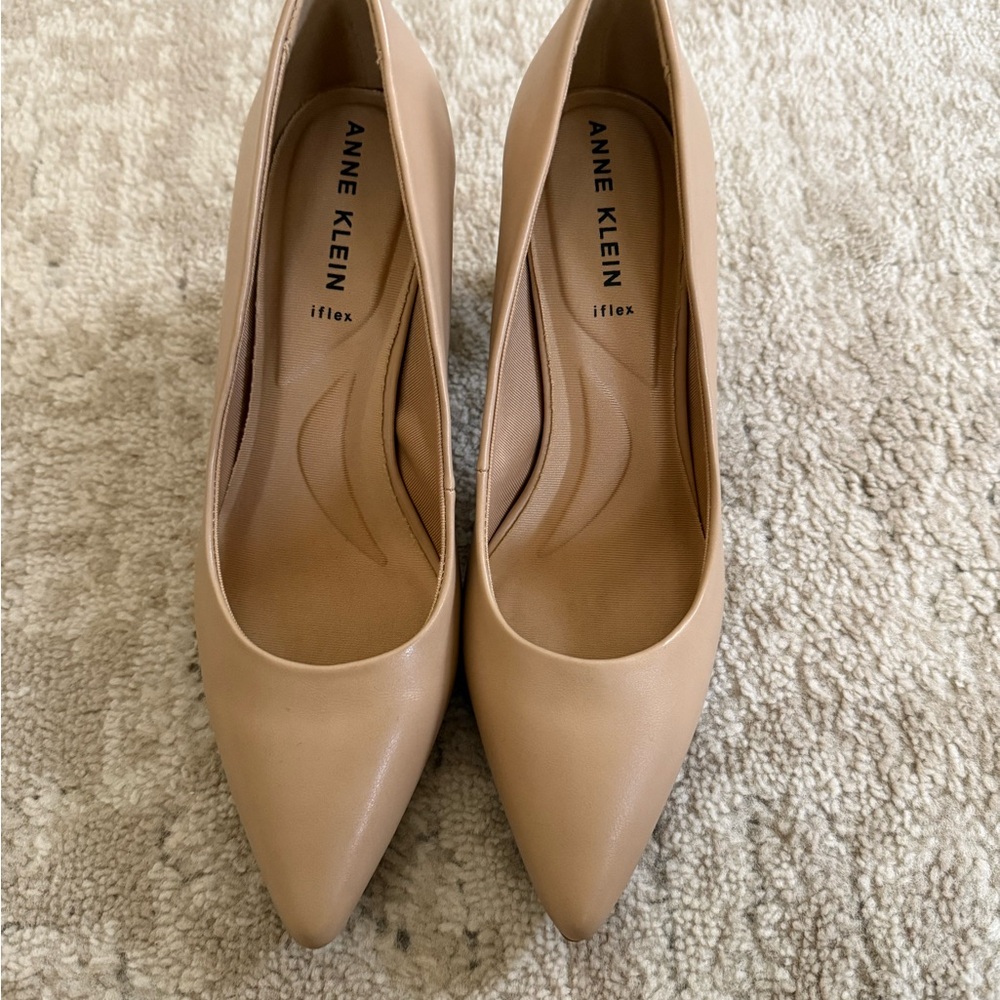 Anne Klein Women's Beige Heels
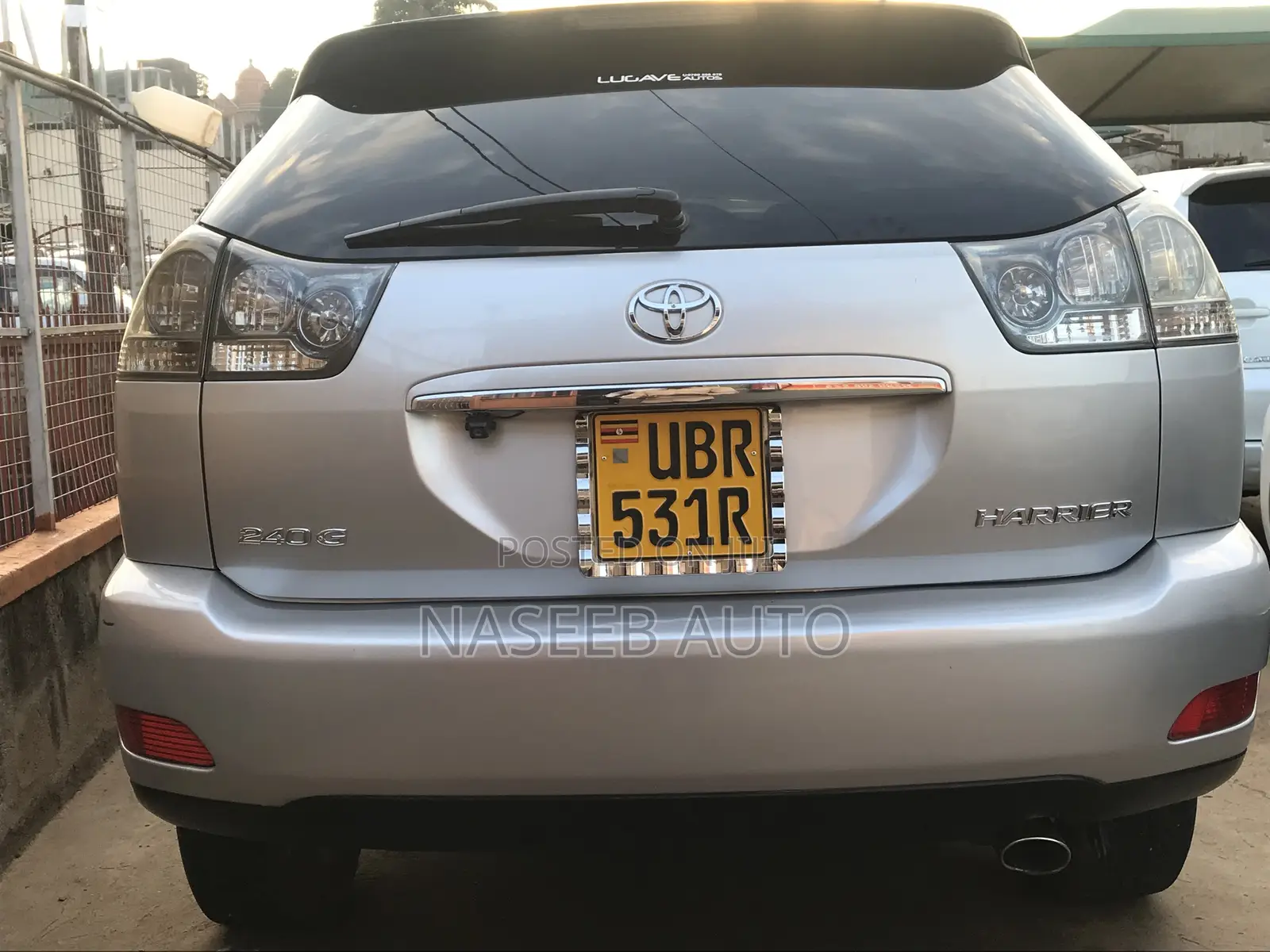 Toyota Harrier 2010 Silver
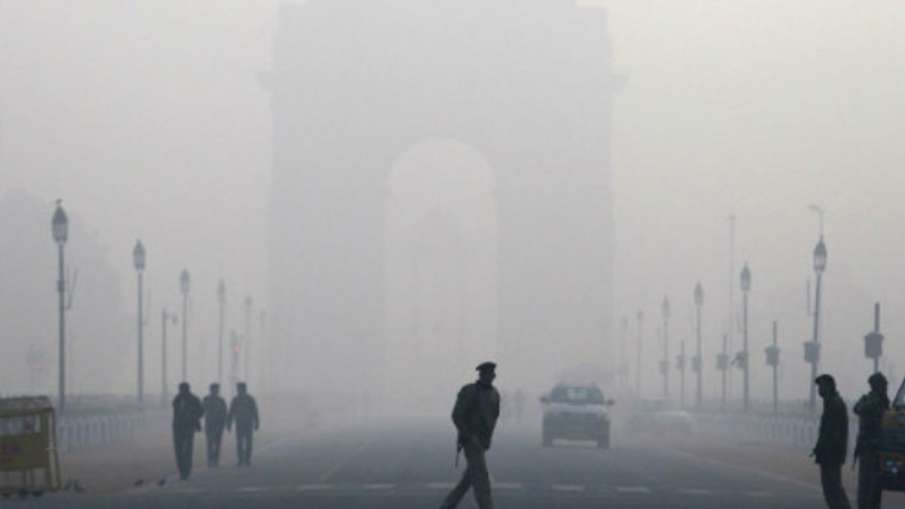नए साल से पहले जमने के करीब पहुंची दिल्ली, न्यूनतम तापमान 3.6 डिग्री सेल्सियस तक पहुंचा नए साल से पहले जमने के करीब पहुंची दिल्ली, न्यूनतम तापमान 3.6 डिग्री सेल्सियस तक पहुंचा- India TV Hindi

Task objective:
Strip the images and return the remaining data exactly.

Result for this exercise:
 Anne Klein Women's Beige Heels
 Toyota Harrier 2010 Silver
नए साल से पहले जमने के करीब पहुंची दिल्ली, न्यूनतम तापमान 3.6 डिग्री सेल्सियस तक पहुंचा नए साल से पहले जमने के करीब पहुंची दिल्ली, न्यूनतम तापमान 3.6 डिग्री सेल्सियस तक पहुंचा- India TV Hindi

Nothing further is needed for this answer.